# LOTM - June 2021 (timtimotej)



## ericgautier (Apr 22, 2017)

We are now accepting nominations for June 2021 LOTM!

Go ahead and nominate one member journal that has caught your eye!

When nominating, please link to both the member's lawn journal and the one photo that you want to appear below.

Photo submissions must be current (taken since the first of this month), nominees must not have won LOTM within the last 12 months, and self nominations are not permitted.

June 2021 Nominations:

1) timtimotej - Lawn Journal


2) davegravy - Lawn Journal


3) O_Poole - Lawn Journal


4) bf7 - Lawn Journal


----------



## g-man (Jun 15, 2017)

@timtimotej


----------



## ales_gantar (Apr 13, 2017)

I've had the pleasure of seeing this lawn live, so my vote goes to Timotej.

Bravo model, na jok mi gre, tolk je lepa!


----------



## SNOWBOB11 (Aug 31, 2017)

@MNLawnGuy1980

Lawn journal


----------



## MNLawnGuy1980 (May 10, 2019)

Thank you for the mention @SNOWBOB11, but I do not think I am eligible as I won it last fall. But, thank you though, I appreciate it.

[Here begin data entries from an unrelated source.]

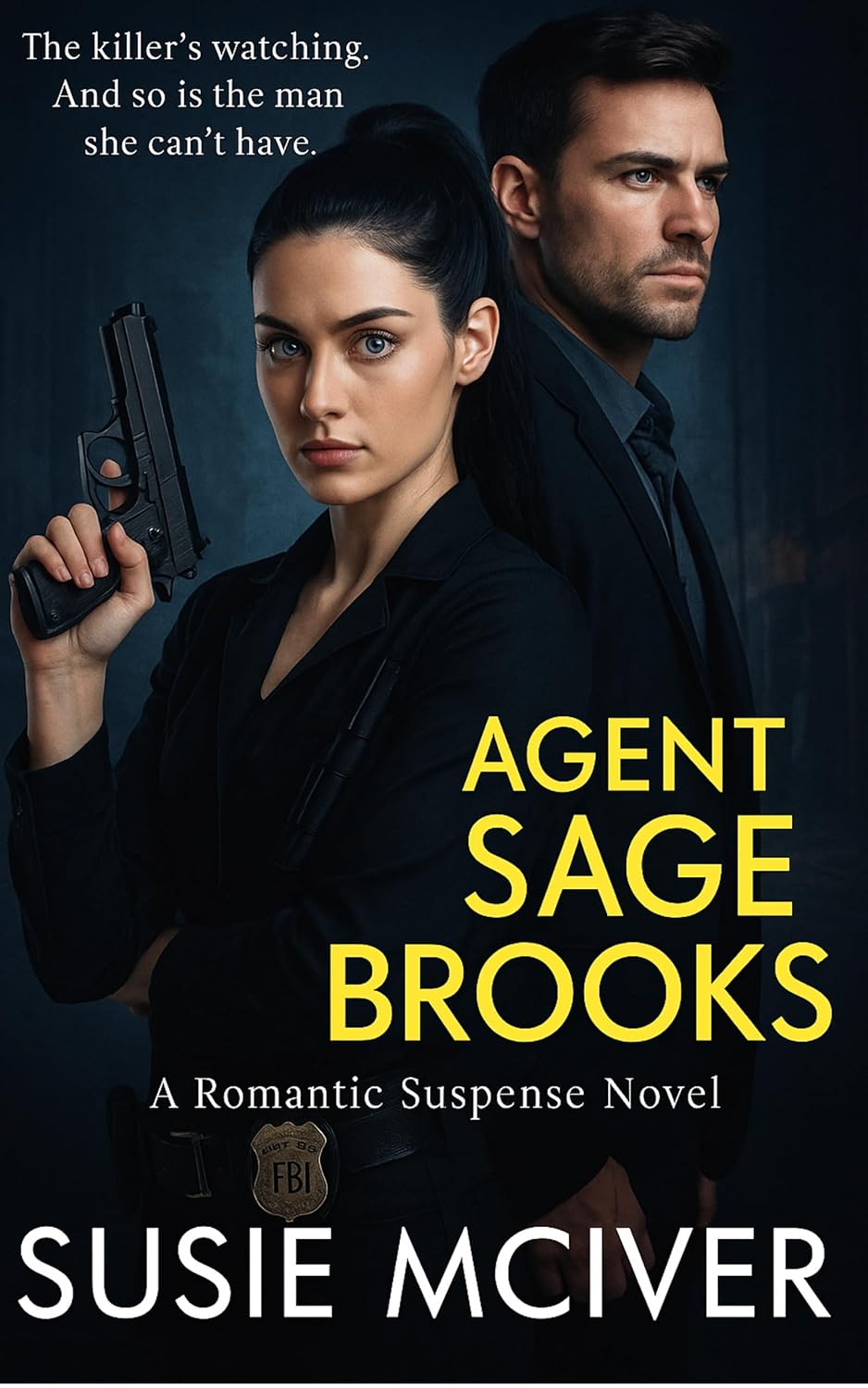 Agent Sage Brooks (Female Special Agents: FBI #2)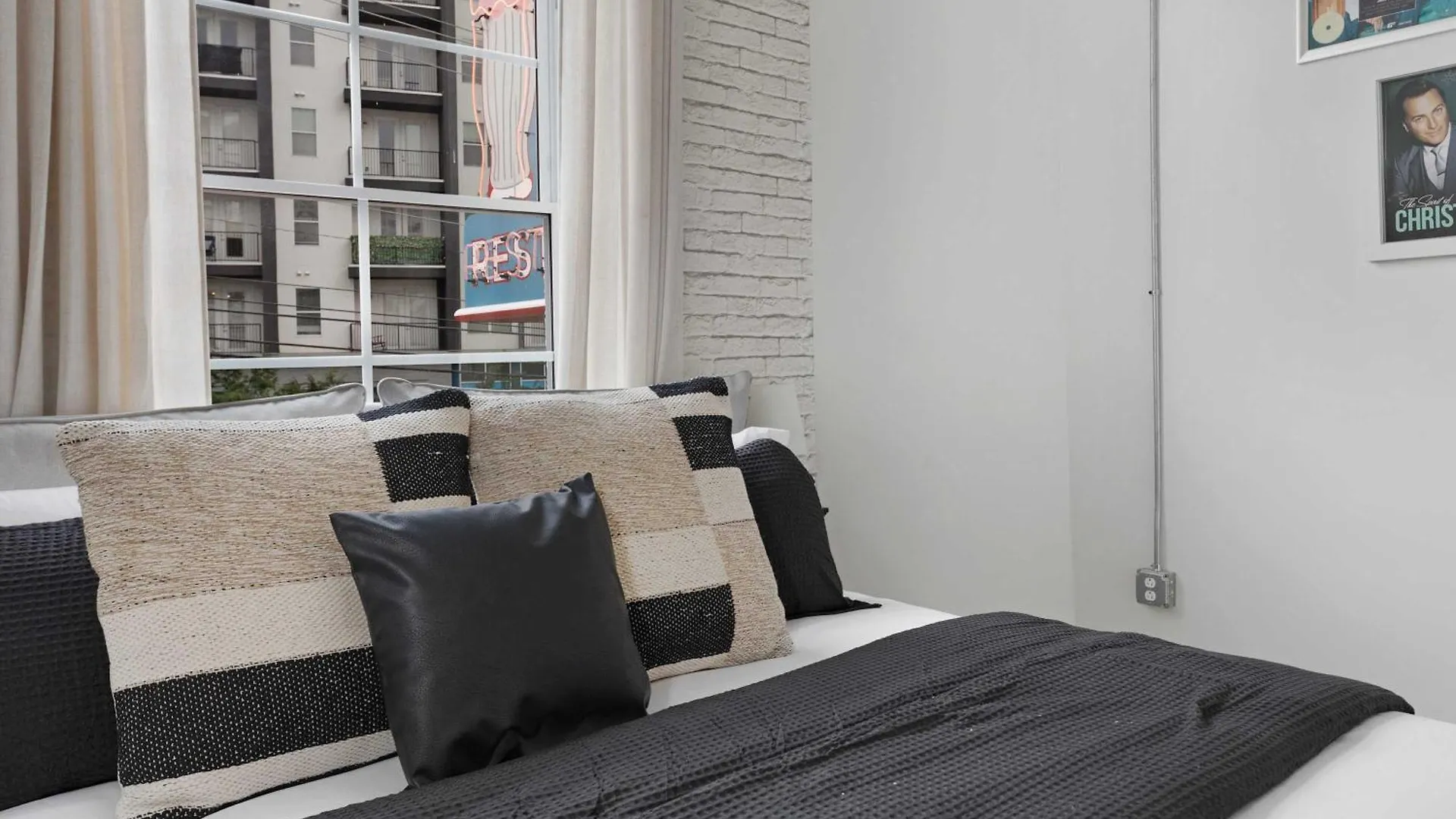 Apartment Legends Row By Maddox Hotel Nashville United States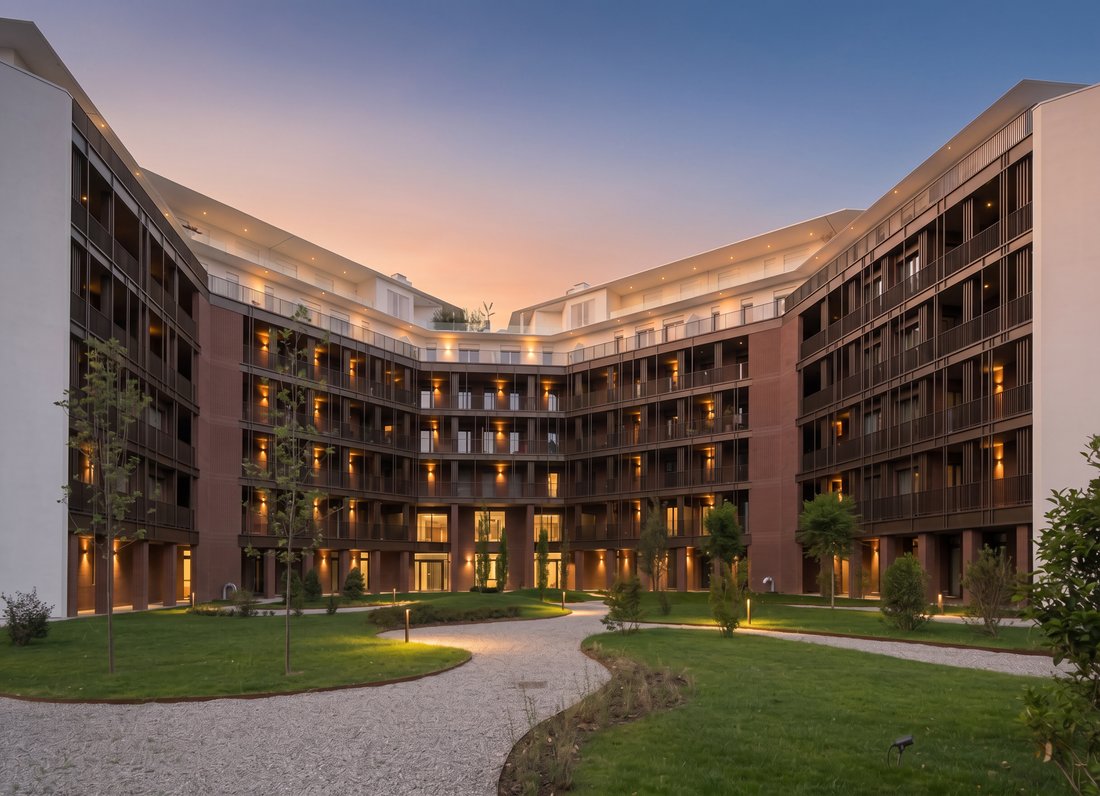 Apartment in Soderini, Milan, Italy 1 - 16102277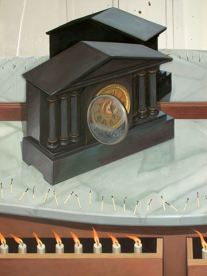 The Time Has Come, detail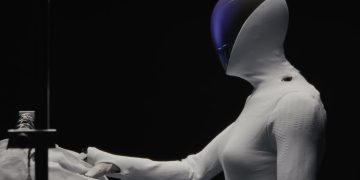 XPENG IRON humanoid robot draws record physical AI funding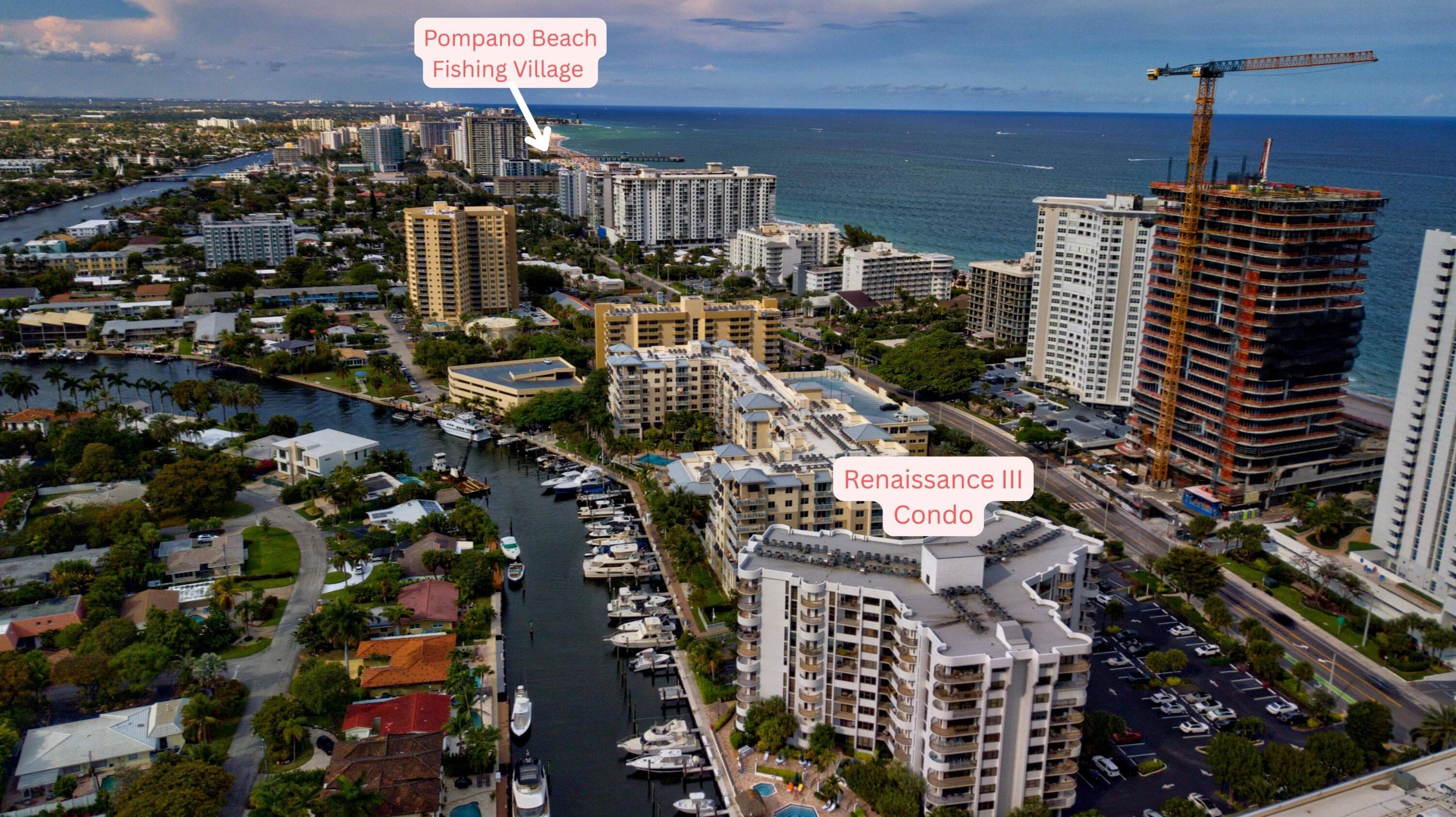 1361 South Ocean 808, Pompano Beach, FL 33062 — photo 2 of 55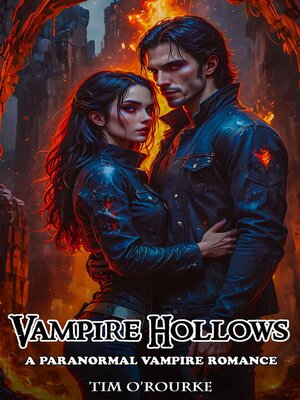 cover image of Vampire Hollows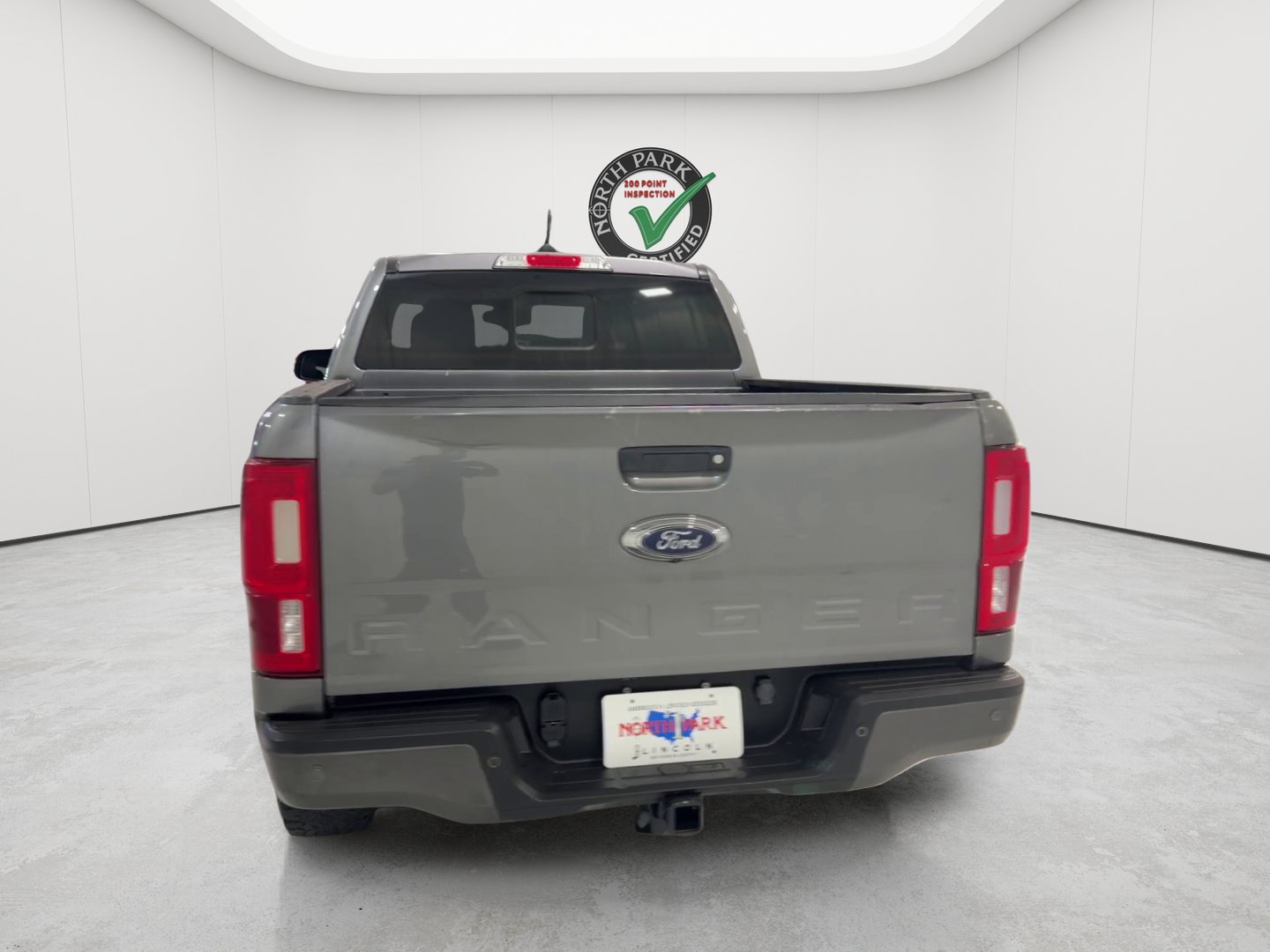 Used 2021 Ford Ranger Lariat w/ Equipment Group 501A High AWD/4WD image 4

@ericgautier, would you be able to remove mine from the listing up top of candidates? Thank you


----------



## SNOWBOB11 (Aug 31, 2017)

MNLawnGuy1980 said:


> Thank you for the mention @SNOWBOB11, but I do not think I am eligible as I won it last fall. But, thank you though, I appreciate it.
> 
> @ericgautier, would you be able to remove mine from the listing up top of candidates? Thank you


My bad


----------



## mowww (Jan 16, 2018)

@SNOWBOB11 Haha I came here to nominate @MNLawnGuy1980 too. But he's probably still polishing his fall trophy.


----------



## Sinclair (Jul 25, 2017)

I am nominating @davegravy

Lawn Journal: https://thelawnforum.com/viewtopic.php?f=27&t=26423&start=120


----------



## Dude (Sep 4, 2019)

I nominate @O_Poole

https://thelawnforum.com/viewtopic.php?f=27&t=7887&start=120


----------



## OnTheLawn (Jul 23, 2020)

I nominate @bf7. These 2020 fall reno results are INSANE!



Lawn Journal


----------



## bf7 (May 11, 2020)

OnTheLawn said:


> I nominate @bf7. These 2020 fall reno results are INSANE!
> 
> 
> 
> Lawn Journal


Thanks @OnTheLawn! I never expected to be mentioned on one of these. What an honor!!


----------



## ericgautier (Apr 22, 2017)

Voting is up!


----------



## Stuofsci02 (Sep 9, 2018)

Wow... All fantastic.. well done!!!


----------



## davegravy (Jul 25, 2019)

Been really entertaining watching the back-and-forth vote tally between timtimotej and O_Poole. It's a real nail-biter! :clapping:

Me, I'm just happy to be considered in the same league as these fine stands of turf...


----------



## JerseyGreens (Aug 30, 2019)

This is going to come down to the wire!!!

Congrats to all!

Also a shoutout to @bf7 for being nominated from the 2020 Reno-ers Gang. Bravo!


----------



## bf7 (May 11, 2020)

JerseyGreens said:


> This is going to come down to the wire!!!
> 
> Congrats to all!
> 
> Also a shoutout to @bf7 for being nominated from the 2020 Reno-ers Gang. Bravo!


Thank you @JerseyGreens! Proud to represent the sophomore class. I agree with @davegravy. Can't believe I'm even being compared to these beauties and collected a modest amount of tallies. I welcome all pity votes!


----------



## Ware (Jan 28, 2017)

Congrats @timtimotej!


----------



## timtimotej (Sep 8, 2019)

Ware said:


> Congrats @timtimotej!


Thanks @Ware.
Oh my gosh! I can't believe I won LOTM😍

Thank you guys, for all votes! 
Thank you @g-man for nomination.
This win means a lot to me🤩. I worked hard past ten months to establish this grass from dirt, to a lawn looking so nice. Even I'm shocked after every cut.😊

I will take chance and say thanks to @wardconnor and his YT channel, which made me crazy about lawns. His TLF sticker actually brought me here in 2019. I learned nearly everything on this Forum, thanks to all great written guides, journals, posts and people creating this great community. Bravo👏

Thanks again!


----------



## MNLawnGuy1980 (May 10, 2019)

Congratulations @timtimotej! I'm a big fan of the simplicity of your lawn and how meticulous it is. It looks phenomenal, great work.


----------



## mowww (Jan 16, 2018)

:thumbup: beautiful work everyone! @timtimotej @O_Poole @davegravy @bf7


----------



## GoDawgs (Jun 18, 2020)

Wow. Absolutely beautiful lawns, all of them.


----------